Stored items
+ + + + +
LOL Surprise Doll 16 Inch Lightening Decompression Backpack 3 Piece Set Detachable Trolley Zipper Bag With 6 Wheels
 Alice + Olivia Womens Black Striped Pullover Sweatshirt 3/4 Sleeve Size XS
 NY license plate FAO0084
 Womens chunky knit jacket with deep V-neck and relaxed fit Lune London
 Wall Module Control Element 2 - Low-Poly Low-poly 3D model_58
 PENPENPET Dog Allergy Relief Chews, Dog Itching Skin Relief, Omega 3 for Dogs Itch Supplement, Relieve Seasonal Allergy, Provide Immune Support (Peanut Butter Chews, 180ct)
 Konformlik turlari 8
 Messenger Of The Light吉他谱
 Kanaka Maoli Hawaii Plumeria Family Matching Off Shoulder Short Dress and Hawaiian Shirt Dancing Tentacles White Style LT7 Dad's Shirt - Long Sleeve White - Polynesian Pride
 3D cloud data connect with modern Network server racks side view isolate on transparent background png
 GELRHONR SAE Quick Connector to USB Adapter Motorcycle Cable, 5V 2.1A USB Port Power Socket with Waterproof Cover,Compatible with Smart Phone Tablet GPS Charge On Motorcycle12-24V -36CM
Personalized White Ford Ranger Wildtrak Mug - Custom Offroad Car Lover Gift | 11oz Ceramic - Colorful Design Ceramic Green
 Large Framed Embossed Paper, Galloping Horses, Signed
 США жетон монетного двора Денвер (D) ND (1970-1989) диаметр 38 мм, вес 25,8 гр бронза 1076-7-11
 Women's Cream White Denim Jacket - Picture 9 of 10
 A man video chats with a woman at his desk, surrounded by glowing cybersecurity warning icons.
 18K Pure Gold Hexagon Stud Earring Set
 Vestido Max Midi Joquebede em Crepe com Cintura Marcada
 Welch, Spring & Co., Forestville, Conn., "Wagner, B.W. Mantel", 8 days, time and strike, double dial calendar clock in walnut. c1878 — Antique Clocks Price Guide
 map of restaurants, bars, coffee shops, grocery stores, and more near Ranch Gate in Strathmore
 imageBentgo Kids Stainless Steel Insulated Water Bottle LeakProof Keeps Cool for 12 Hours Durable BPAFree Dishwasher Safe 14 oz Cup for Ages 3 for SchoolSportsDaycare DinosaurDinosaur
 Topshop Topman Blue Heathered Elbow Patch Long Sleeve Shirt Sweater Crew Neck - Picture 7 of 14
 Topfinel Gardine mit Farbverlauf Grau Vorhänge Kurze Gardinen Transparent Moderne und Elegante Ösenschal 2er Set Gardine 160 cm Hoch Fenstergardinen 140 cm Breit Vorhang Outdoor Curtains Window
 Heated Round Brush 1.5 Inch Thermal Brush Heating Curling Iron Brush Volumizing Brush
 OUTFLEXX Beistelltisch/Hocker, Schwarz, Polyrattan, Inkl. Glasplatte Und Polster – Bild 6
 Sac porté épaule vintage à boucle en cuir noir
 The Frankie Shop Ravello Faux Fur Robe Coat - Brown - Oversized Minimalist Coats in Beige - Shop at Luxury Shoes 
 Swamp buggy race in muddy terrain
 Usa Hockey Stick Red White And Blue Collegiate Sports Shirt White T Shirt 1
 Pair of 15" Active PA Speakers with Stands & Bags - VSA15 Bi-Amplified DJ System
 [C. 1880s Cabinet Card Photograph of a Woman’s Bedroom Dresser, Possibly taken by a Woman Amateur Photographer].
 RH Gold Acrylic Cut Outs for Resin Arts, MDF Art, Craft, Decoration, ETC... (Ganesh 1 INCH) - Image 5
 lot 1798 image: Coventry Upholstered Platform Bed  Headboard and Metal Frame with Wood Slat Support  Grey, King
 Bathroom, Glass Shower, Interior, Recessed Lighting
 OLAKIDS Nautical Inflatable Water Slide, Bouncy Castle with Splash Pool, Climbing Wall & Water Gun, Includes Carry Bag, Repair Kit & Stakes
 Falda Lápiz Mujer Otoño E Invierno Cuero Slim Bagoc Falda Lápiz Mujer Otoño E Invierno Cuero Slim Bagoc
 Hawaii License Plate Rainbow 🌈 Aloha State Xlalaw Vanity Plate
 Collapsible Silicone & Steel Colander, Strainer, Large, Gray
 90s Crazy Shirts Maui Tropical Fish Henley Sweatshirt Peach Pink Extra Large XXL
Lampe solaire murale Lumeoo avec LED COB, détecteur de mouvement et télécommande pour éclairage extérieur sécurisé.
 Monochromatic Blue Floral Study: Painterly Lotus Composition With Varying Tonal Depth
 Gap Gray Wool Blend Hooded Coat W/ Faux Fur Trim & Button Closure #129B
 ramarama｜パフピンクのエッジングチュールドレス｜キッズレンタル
+ + + + +
Work instructions = Where a line of the data above includes the string "Blue", pull it out.

Exercise output =
 Topshop Topman Blue Heathered Elbow Patch Long Sleeve Shirt Sweater Crew Neck - Picture 7 of 14
 Usa Hockey Stick Red White And Blue Collegiate Sports Shirt White T Shirt 1
 Monochromatic Blue Floral Study: Painterly Lotus Composition With Varying Tonal Depth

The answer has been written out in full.